Datasets

from csv to elasticsearch

Connectors

Connectors are a declaration to a filesystem or database.

Supported connectors are:

filesystem
Elasticsearch
PostGreSQL

SQLAlchemy is used for PostGreSQL and should could be any SQL connexion, but only PostGreSQL has at been tested yet. See the connectors roadmap for support of other databases in the future.

Default connectors are included in the initial configuration (and can me modified or removed):

upload: filesystem upload/, which is connected to the upload api
referential_data: filesystem referential_data/, used for referential data like french citycodes, countries, …
models: filesystem models/, used for storing machine learning kernels
elasticsearch: connector to the elasticsearch provided with docker
postgres: connector to the PostGreSQL provided with docker (you have to run make postgres from commandline to start the docker database)

To create other connectors, we haven’t provided an online editor for now, your have to add it manually in the conf/connectors/connectors.yml:

connectors:
  upload:
    type: filesystem
    database: upload/
    chunk: 2000                 # <==== default chunks size (number of rows) for reading and writing the datasets
  referential_data:
    type: filesystem
    database: referential_data/
    chunk: 10000
  models:
    type: filesystem
    database: models/
  elasticsearch:
    type: elasticsearch
    host: elasticsearch        # <===== hostname of an elasticsearch node, can be an array for multiple data nodes for better performance
    port: 9200                 # <===== port of elasticsearch
    thread_count: 3            # <===== default number of threads for injecting data
    chunk: 500                 # <===== default number of row for read and write
    chunk_search: 20           # <===== default number of rows for bulk search
  postgres:
    type: sql
    uri: postgres://user:password@postgres:5432 # <==== URI for SQL Alchemy
    chunk: 2000

Datasets

Datasets are a file, a set of files, a table or an index within a connector.

datasets:
  my_dataset:
    connector: upload         # <===== upload, referential_datal, elasticsearch, postgres or any custom connector
    table: my_dataset
    chunk:                    # <===== override connector's default chunk

filesystem datasets

NO EXCEL NOR OPENDOCUMENT HERE !

Note that we’ll probably never make the effort of dealing with excel (xls, xlsx) and opendocument (odt) formats as they are too rich to be processed efficiently and with stability. Even if formatting is cute, it is meaning-less in an automation world, where formatting has to be carried by metadatas, which have to be data by themselves.

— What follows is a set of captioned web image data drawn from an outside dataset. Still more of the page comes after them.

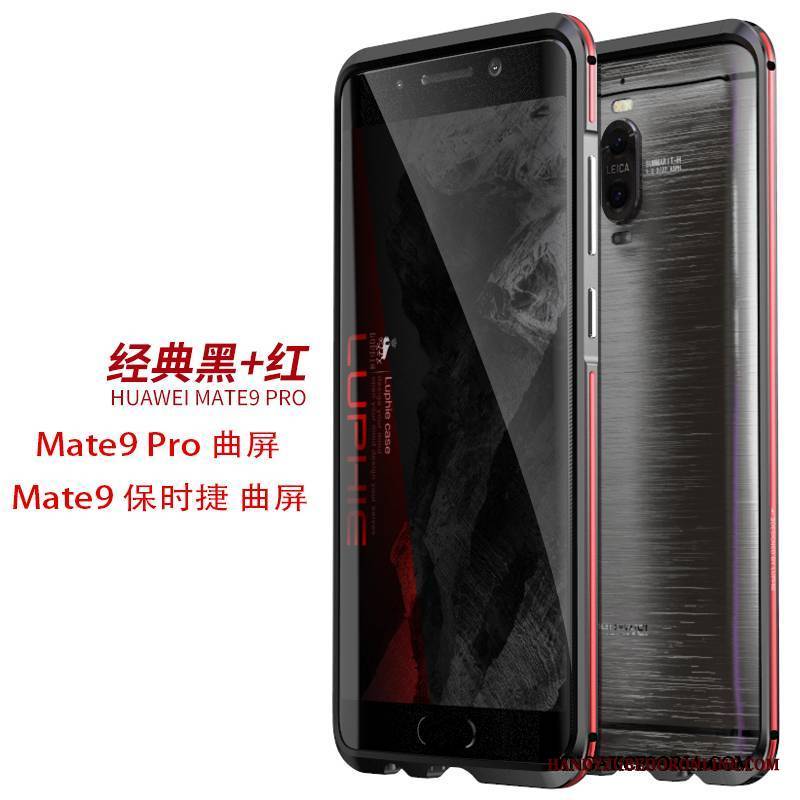 Huawei Mate 9 Pro Granica Futerał Etui Etui Na Telefon Srebro Ochraniacz Metal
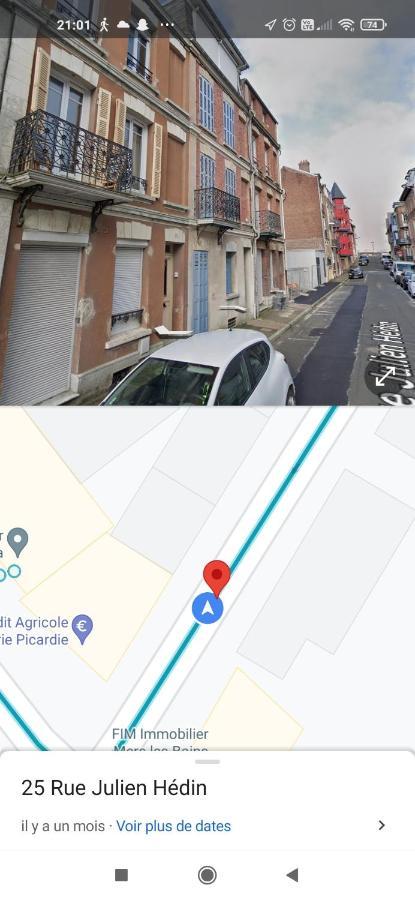 Ferienwohnung Au Bord De Sable Mers-les-Bains Exterior foto
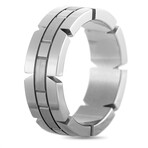 Cartier // Panthere 18K White Gold Band Ring // Ring Size: 6.5 // Estate
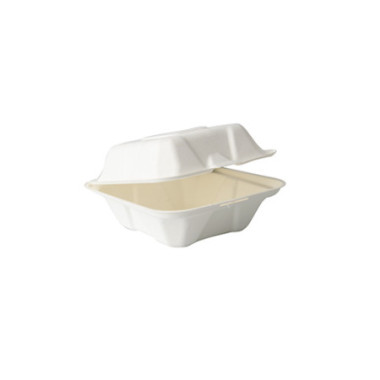 Hamburger box pulpa 125x125x74mm a'50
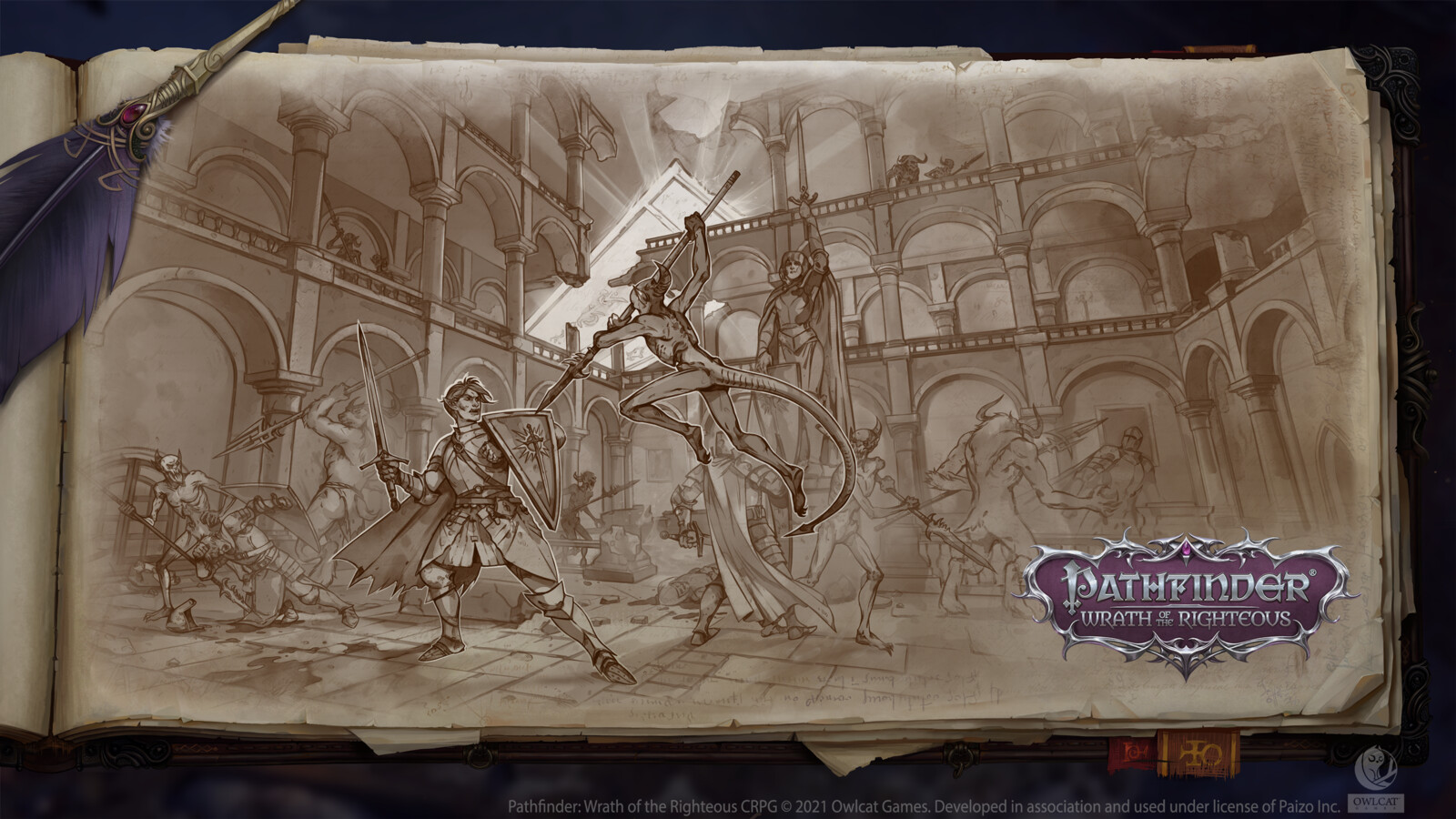 Pathfinder wrath of the righteous верхний город карта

If you want to be serious about re-producing data transformation you have to forget about editing manually data without making it auditable, and self-certification is a wrong security pattern in a globally connected world.

So you’ll have to meet us half way and export your excel files in csv, and know what is your business process to version your data.

CSV

Comma-separated files have been the classical I/O in opendata for many years. Even if it’s quite a mess for data types, it is a go-between, between strongly structured format like XML for IT specialists and the mainstream office excel-style.

If you’re familiar with using many sources you know CSV is not standard and that most guesser can’t guess all : separator, encoding, escaping, etc. We didn’t have time to build a top-of Pandas for guessing, and prefered to enable you to set manual options to handle all the cases.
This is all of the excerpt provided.